И после паузы: “Видишь вот этот стакан? Как ты думаешь, если я смахну его со стола, что произойдет?” – “Разобьется”. – “Ага, значит, знаешь, что произойдет… А РАЗ ЗНАЕШЬ, ТО НА ХРЕНА ЖЕ ТОГДА ПРОВЕРЯТЬ?!!” С этими словами, он повернул ладонь большим пальцем вниз, сгреб со стола свою любимую пепельницу – дагестанскую, ручной работы, миску-салатницу – и, не оглядываясь, со всей силы запустил за спину.
Миска, как зеркало в сказке Андерсена, разлетелась, угодив точно в торец перегородки между дверью и кухонной плитой. Мама, как раз заглянувшая к нам, сделала понимающее лицо и тихо прикрыла за собой дверь.
Меня это впечатлило; общественно опасные деяния я с тех пор не совершал, разве что по неосторожности. А вот для чего нужно “проверять”, если знаешь?..
Лет пять спустя стоял я у той же доски, все в очередной раз повторялось. Только мой друг уже не подавал реплик с последней парты. Молча он корчил рожи, пытаясь вывести меня из равновесия – как будто это был детский сад какой-то. Две мои одноклассницы громким шепотом обсуждали вчерашний скандал в Доме кино. Там, на концерте, посвященном какому-то культурному событию, когда было объявлено, что следующим номером специально приглашенная звезда исполнит новую песню на стихотворение Арсения Тарковского, половина кинематографистов повставала с мест и потянулась на выход.
Я знал кое-что об этой истории, слышал из разговоров мамы с ее подругами, но спрашивали меня в тот раз не об этом. В духе героев киножурнала “Фитиль” я тянул время, долго произносил имя и отчество автора, метал грозные взгляды в сторону одноклассниц, требуя абсолютной тишины в зале. Но я не ждал спасительного звонка, я уже знал – то, что должно произойти, произойдет. Мне бы сказать, что не выучил, получить свою двойку и сесть… Но какой-то демон самоистребления и юродства уже овладел мною, он подобно тому паразиту из только что вышедшего на экраны фильма “Чужой”, вызрел во мне и готов был вырваться наружу.
Вот он, момент, когда уже знаешь будущее и можешь предотвратить, но как герой греческой трагедии идешь напролом!

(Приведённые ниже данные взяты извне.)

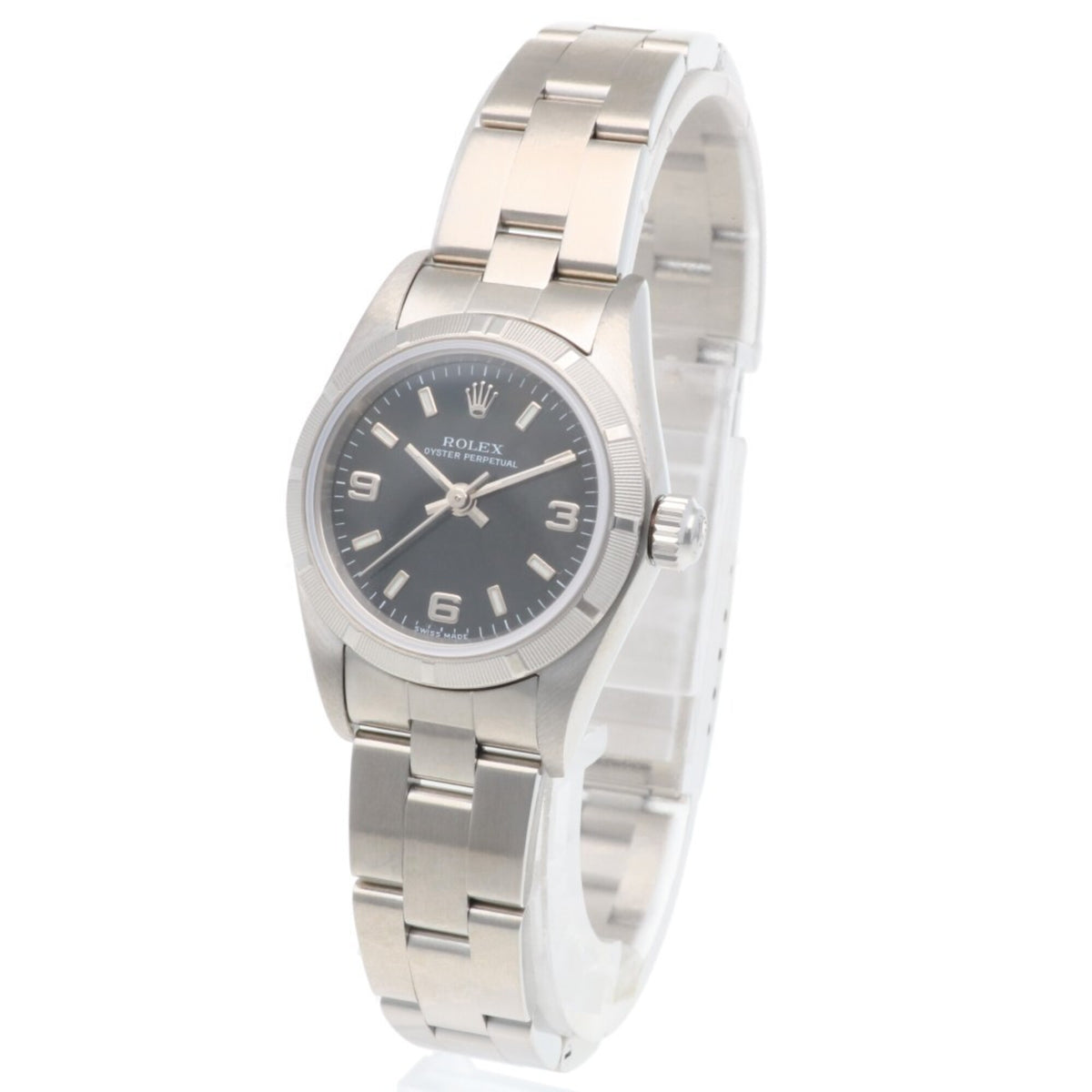Rolex Oyster Perpetual 76030 met zwarte wijzerplaat, 25 mm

Тишина, наконец, установилась, все уже с интересом смотрели на меня, слышно было только, как мухи женятся между оконными рамами.
Итак: “Владимир Владимирович Маяковский. “Хорошо”. Поэма. 1927 год”.
Еще хорошая пауза, и… “Крошка сын к отцу пришел, и спросила кроха: – Что такое хорошо?”… Ну и так далее.
Предполагалось объяснить, что я по ошибке выучил не ту поэму. Но Анна Васильевна, учительница первая моя, вторая по общеобразовательной нумерации, не стала ничего выяснять. Она тихо сказала: “Уходи. Я даже родителей вызывать не стану. Просто уходи, куда хочешь, только с глаз моих подальше”.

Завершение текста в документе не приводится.